── RECORDS FOR THE TASK
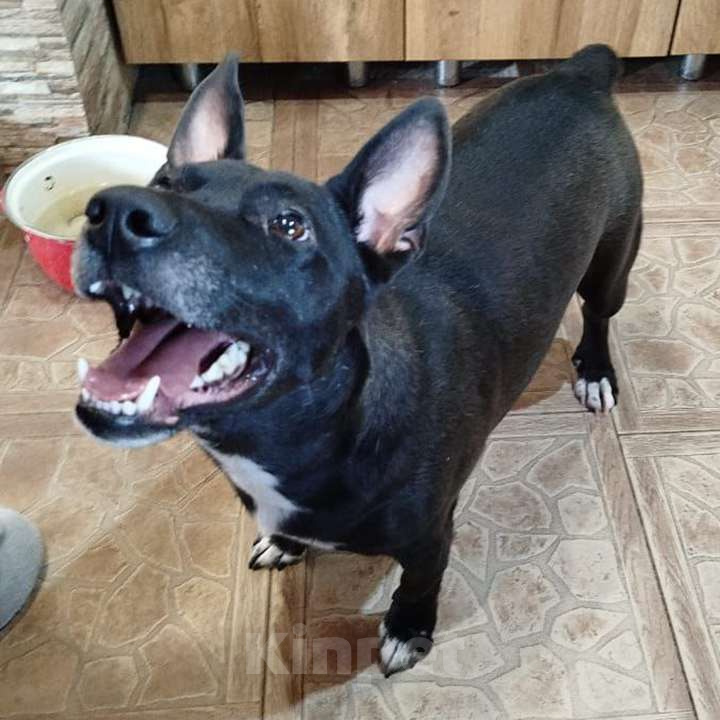 Собаки в Москве: Нежный брутал ГРОМ ищет семью Мальчик, 10 руб. - фото 9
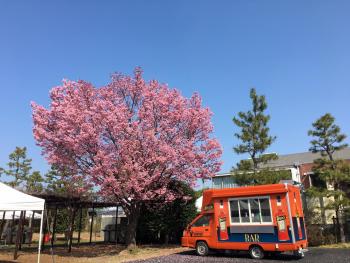 場内桜.JPG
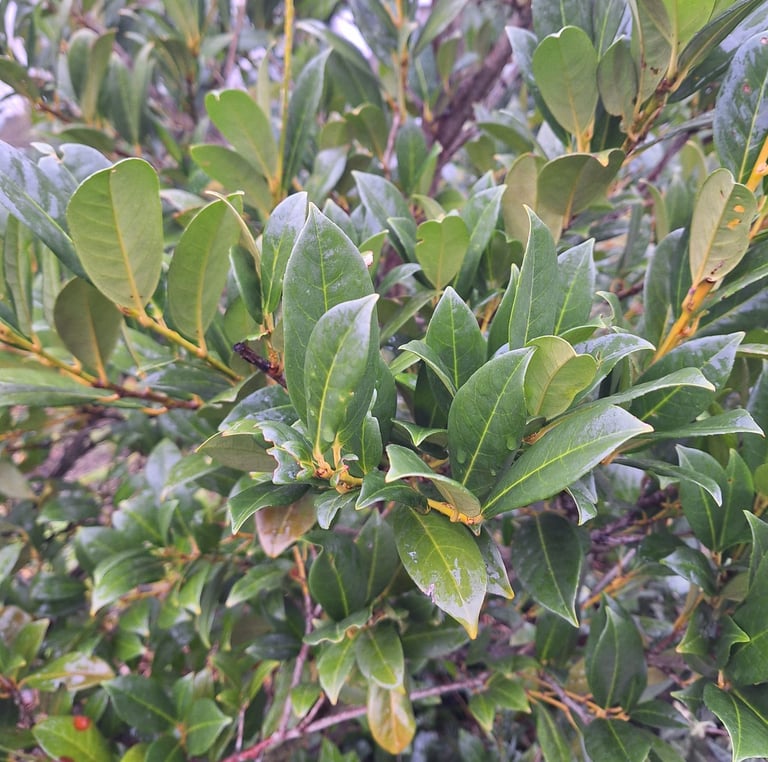 a deer resistant Inkberry Holly bush in shade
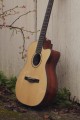 Cort Gold OC8 Nylon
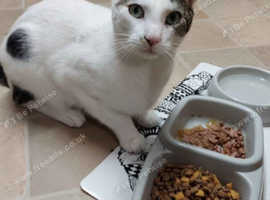 I will give the cat to a good home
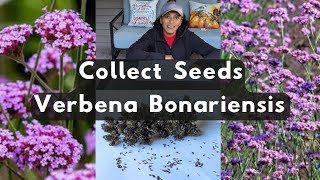 Verbena Bonariensis 🌱 How To Collect Harvest Store Save Seeds Purpletop Vervain [upl. by Ardek905]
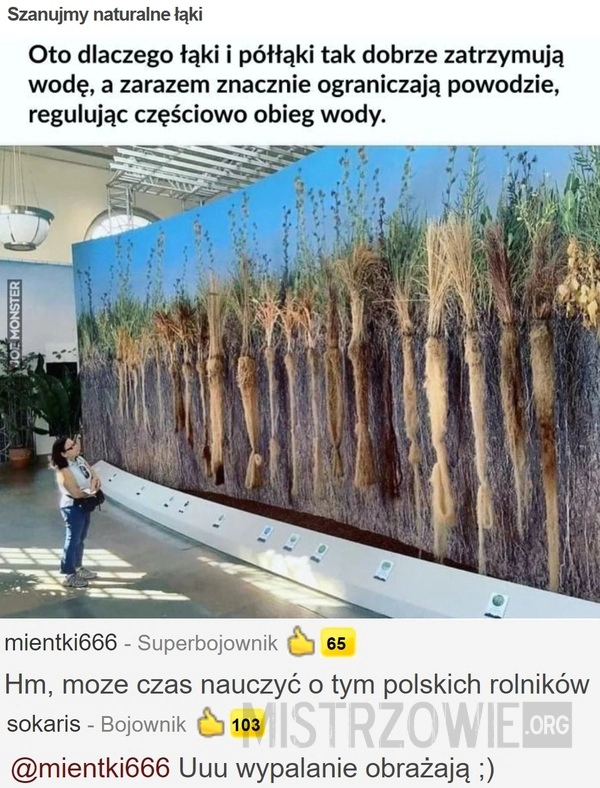 
    Szanujmy naturalne łąki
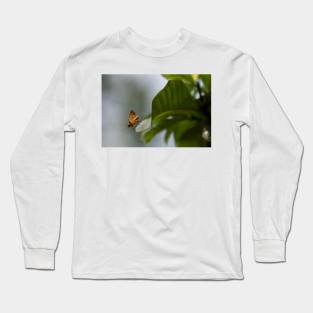 Butterfly on leaf Long Sleeve T-Shirt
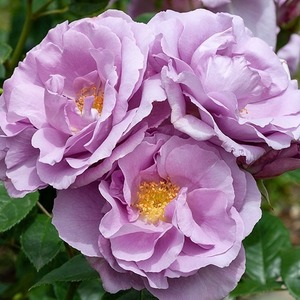 Standard Forget me Not (80cm)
────
Nothing but the lines from the one containing "Cort Gold OC8 Nylon" through the final line of the records, both included and copied exactly, should appear in the answer; pictures stay out.

 Cort Gold OC8 Nylon
 I will give the cat to a good home
 Verbena Bonariensis 🌱 How To Collect Harvest Store Save Seeds Purpletop Vervain [upl. by Ardek905]
    Szanujmy naturalne łąki
 Butterfly on leaf Long Sleeve T-Shirt
 Standard Forget me Not (80cm)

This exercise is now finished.